• WHAT YOU HAVE TO DO
Skipping any pictures, repeat exactly and only the lines from the one that holds "Metal Pens Twist" to the last line of the material, both included.

• SOURCE MATERIAL
================================
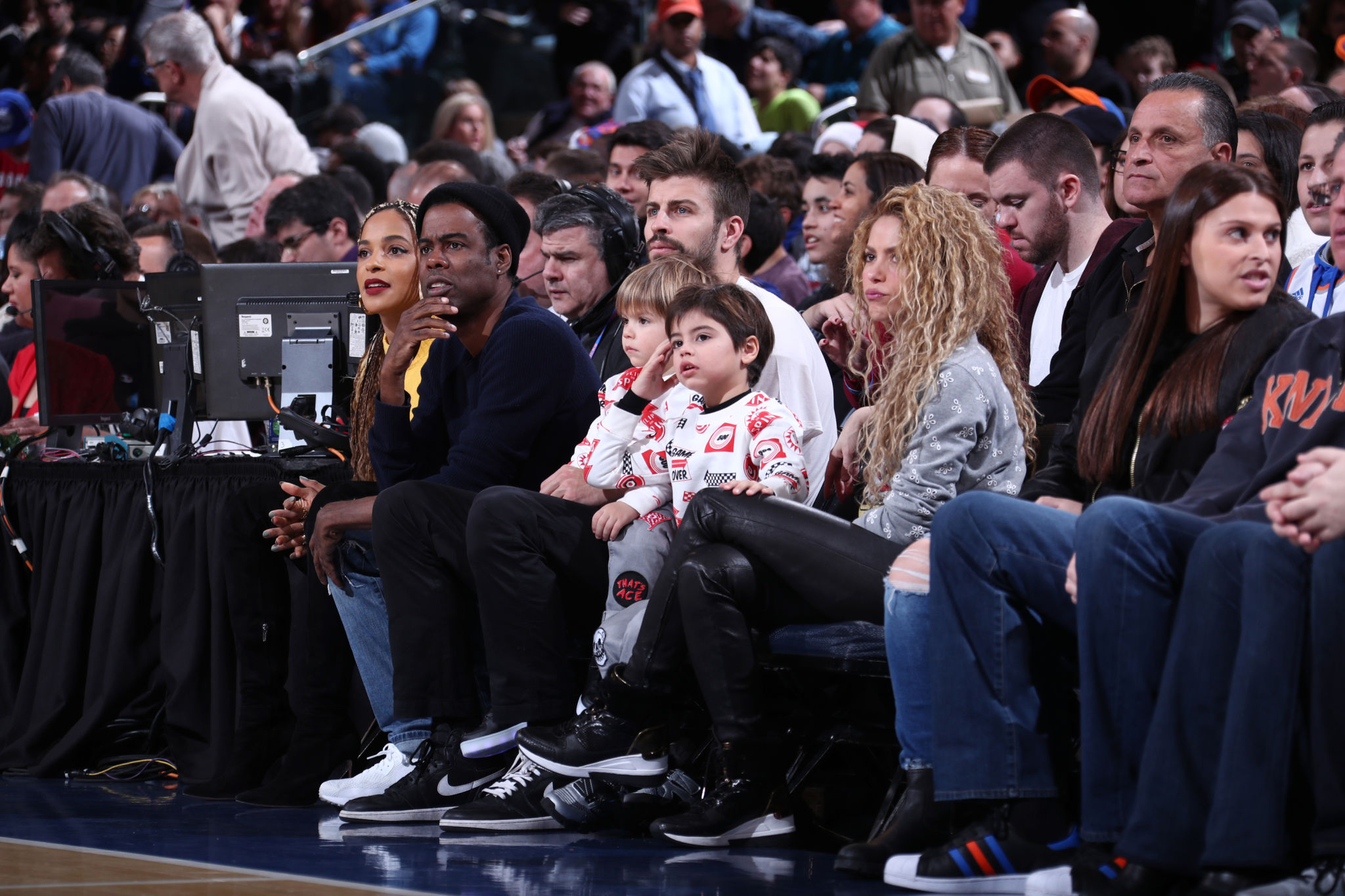 Shakira attends the New York Knicks Vs Philadelphia 76ers game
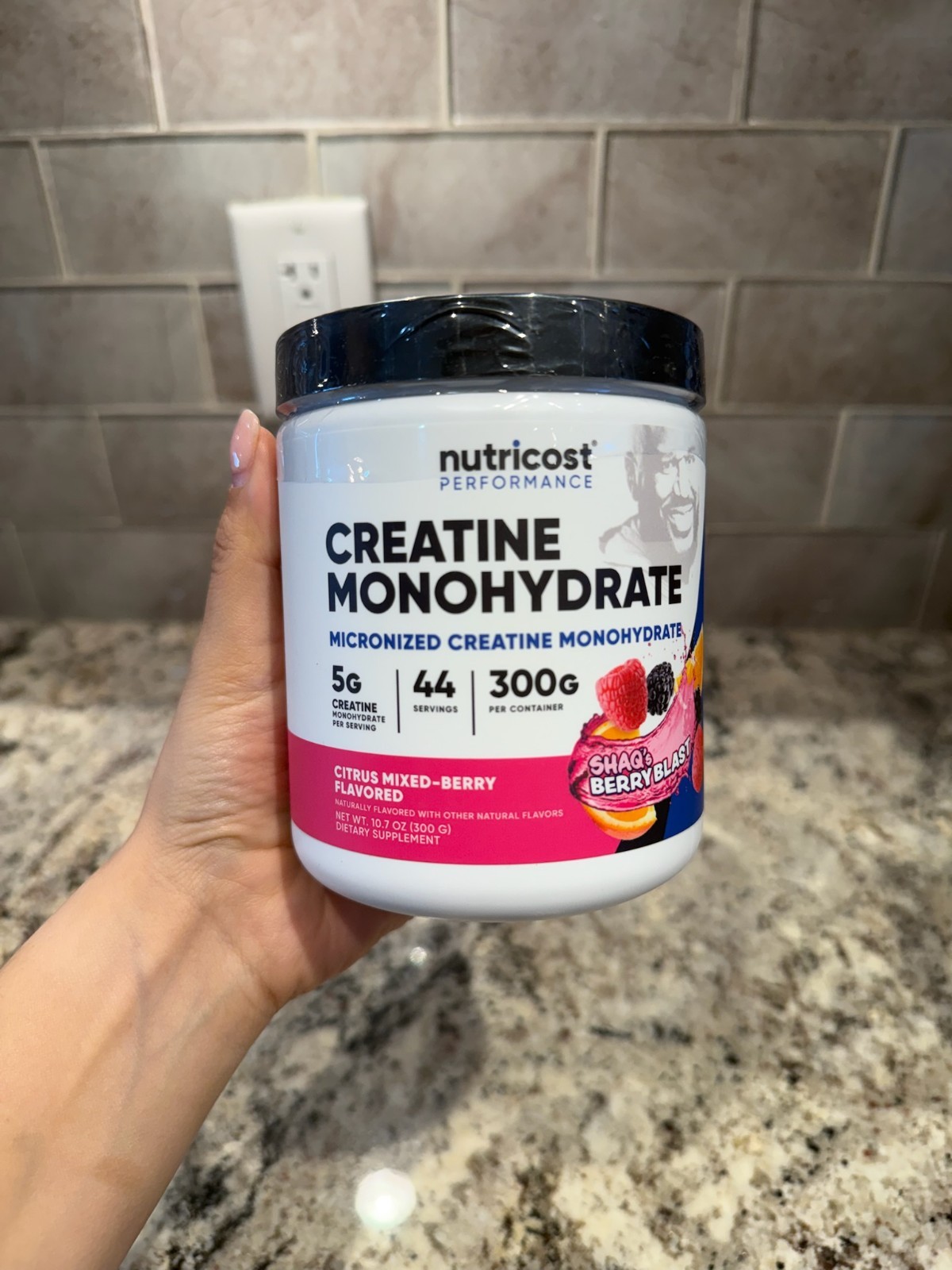 Nutricost Creatine Monohydrate, Mixed Berry Flavor 44 Servings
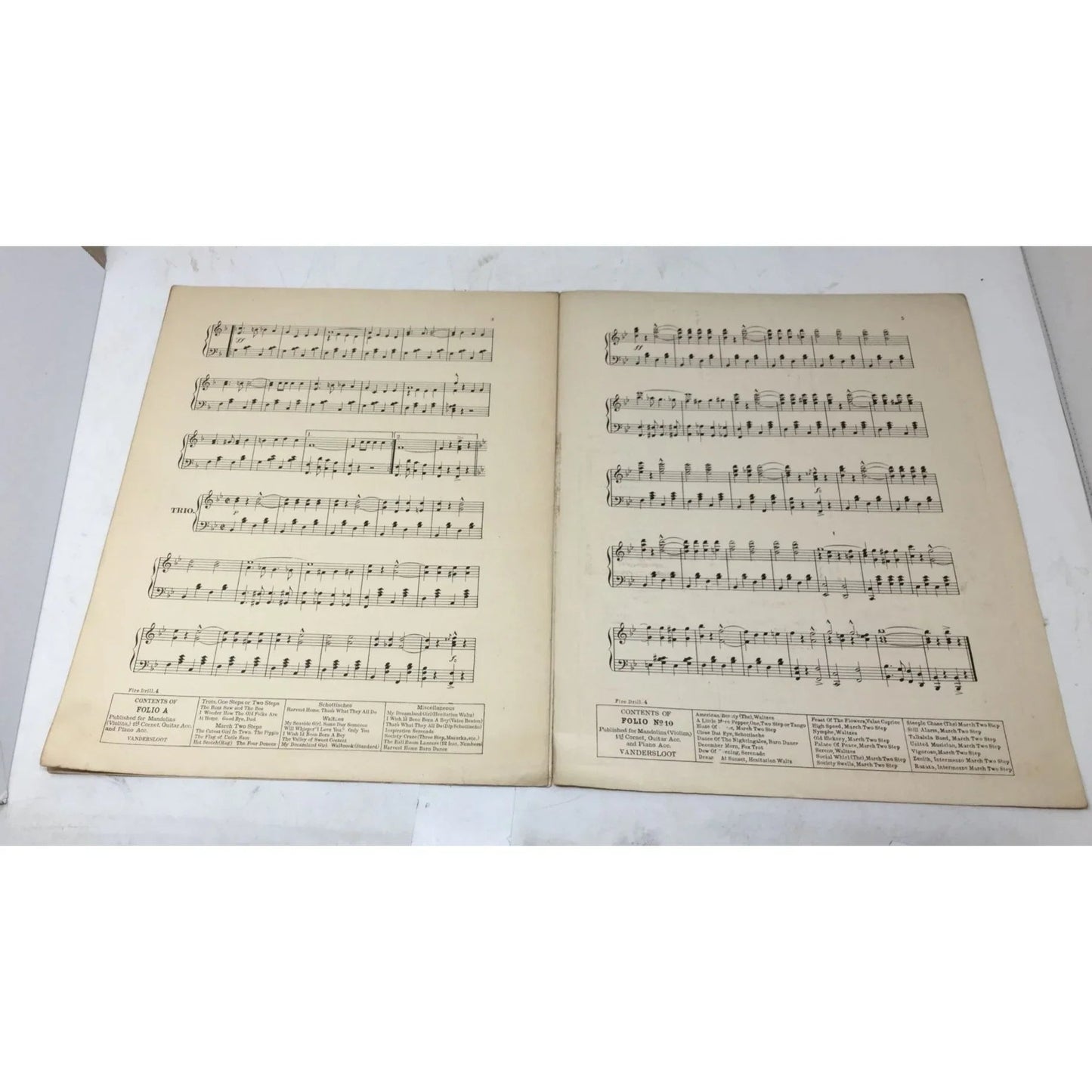 FIRE DRILL MARCH TWO STEP BY HARRY J LINCOLN - A+ Stuff - SHEET MUSIC - A+ Stuff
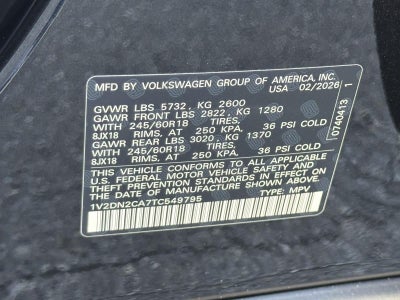 2026 Volkswagen Atlas 2.0T SE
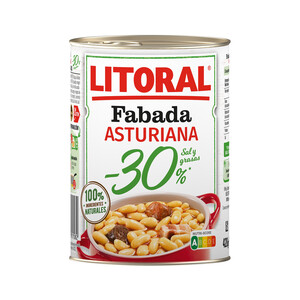 Imagen de LITORAL Fabada Asturiana -30% sal y grasas 420 g.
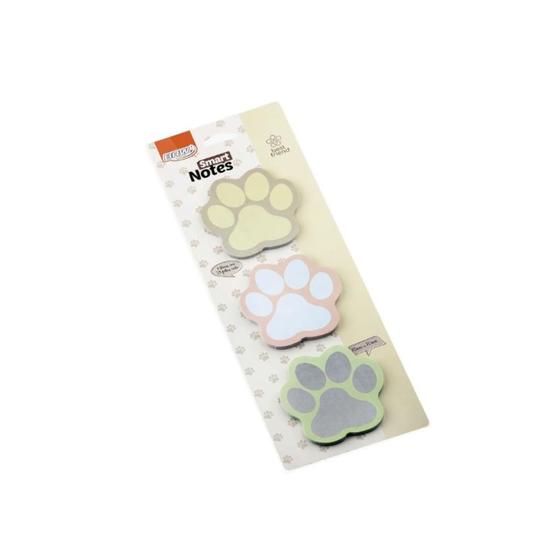 Imagem de Bloco Adesivo BRW Smart Notes Tokens Pets 03 Blocos com 25 Folhas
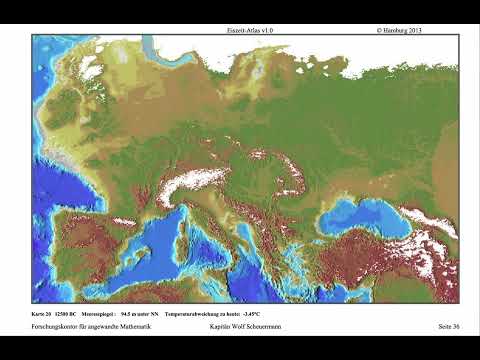 Meeresspiegel Entwicklung Eiszeit bis Heute Europa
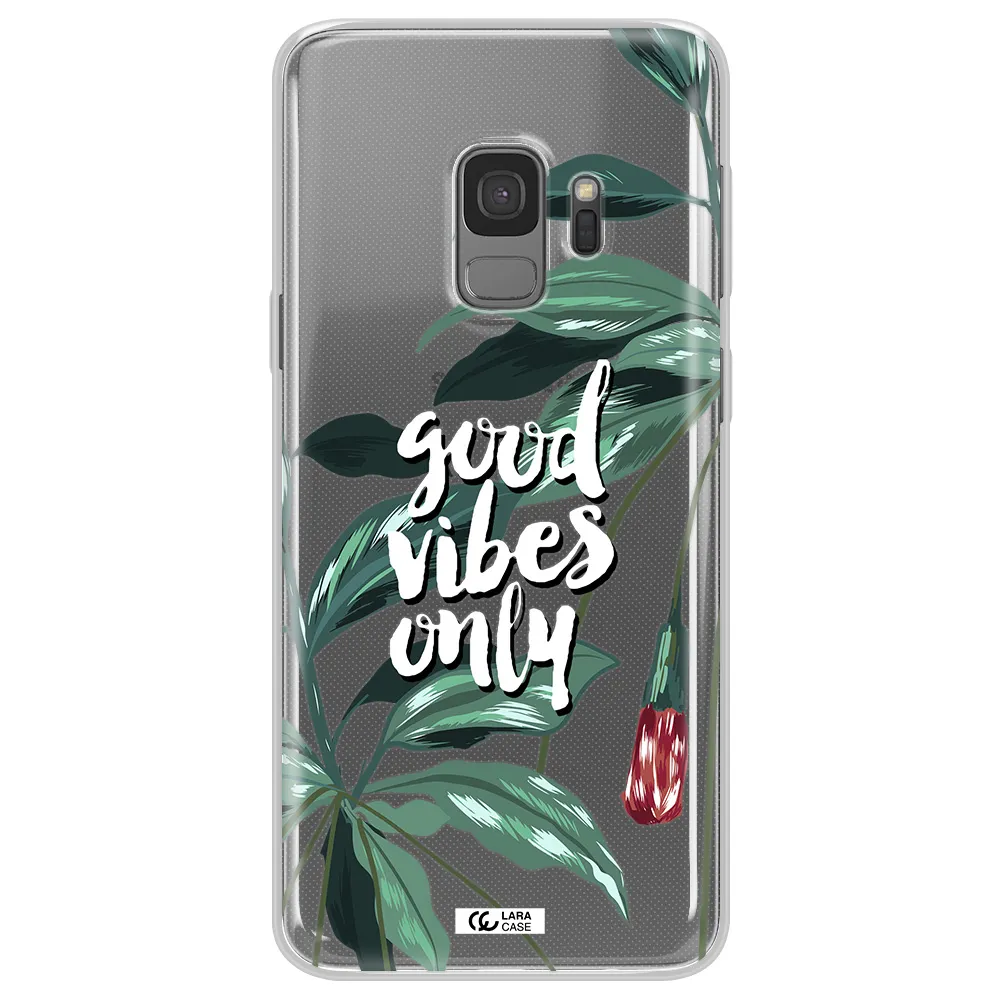 Tropical Vibes Green Samsung S9 Clear TPU Case
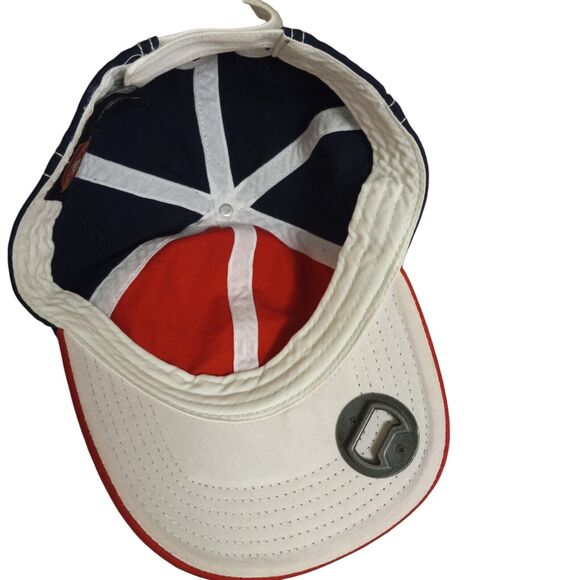 Anheuser Busch Budweiser Beer Hat Red White and Blue Adjustable Strap back - Picture 9 of 12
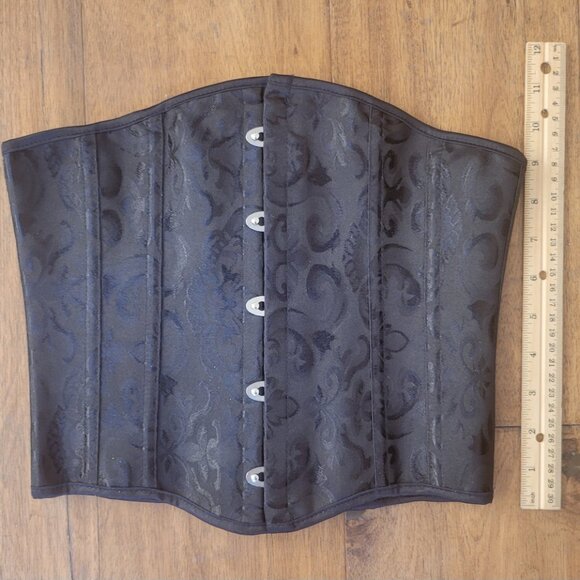 Floral Gothic Underbust Corset - Picture 4 of 6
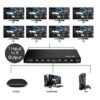 SPLITTER DIVISOR HDMI 1 ENTRADA 8 SAIDAS FULL HD KNUP KP-SW100 - Imagem 3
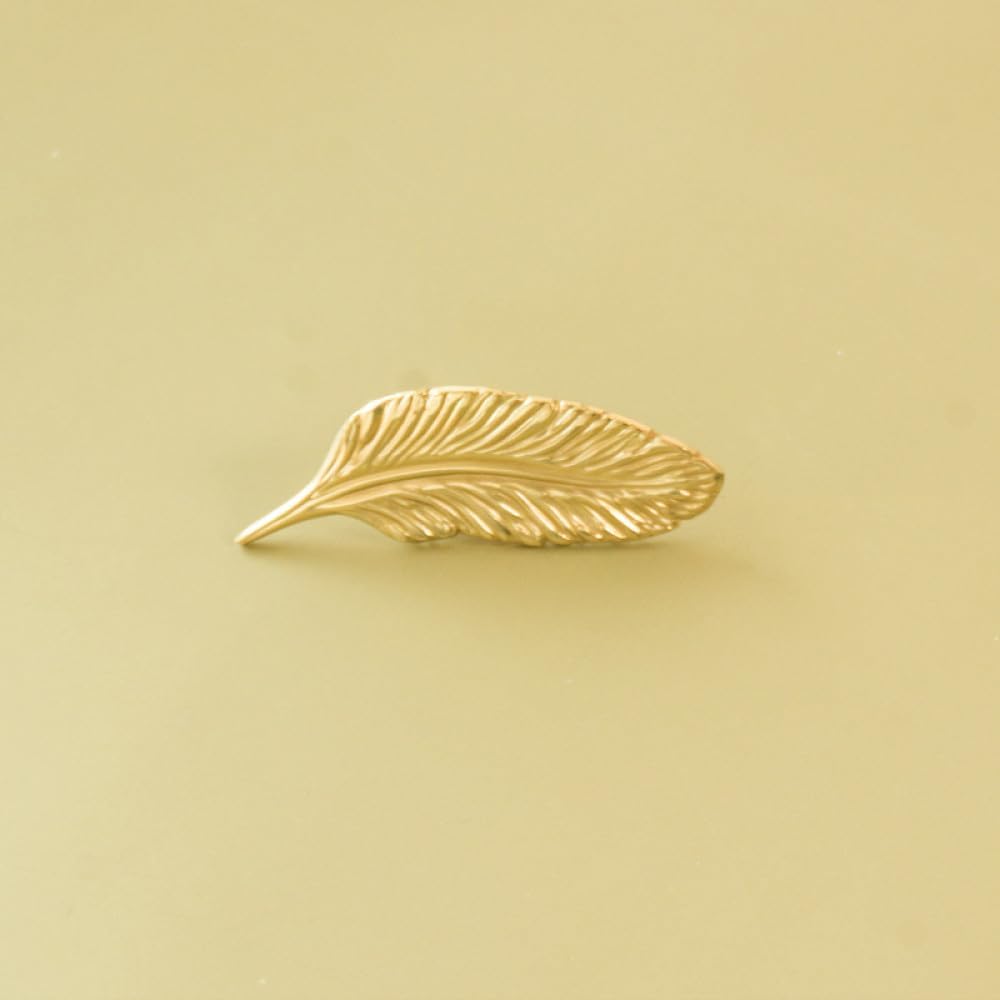 OAKITA Feather Shape Furniture Handles for cabinets and Drawers Dresser Door Knobs Pull Furniture Hardware Gold Handle,C,3673,96,L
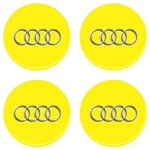 Ficha técnica e caractérísticas do produto Adesivo Emblema Audi Roda Resinado Amarelo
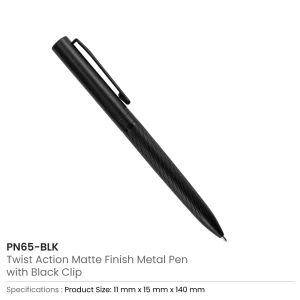 Metal Pens Twist Action Matte Finish and Black Clip - Image 8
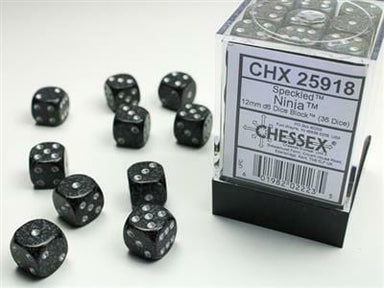 Speckled® 12mm D6 Ninja™ Dice Block™ (36 dice) - Saltire Games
================================
• SOLUTION TO THIS PROBLEM
 Metal Pens Twist Action Matte Finish and Black Clip - Image 8
 Speckled® 12mm D6 Ninja™ Dice Block™ (36 dice) - Saltire Games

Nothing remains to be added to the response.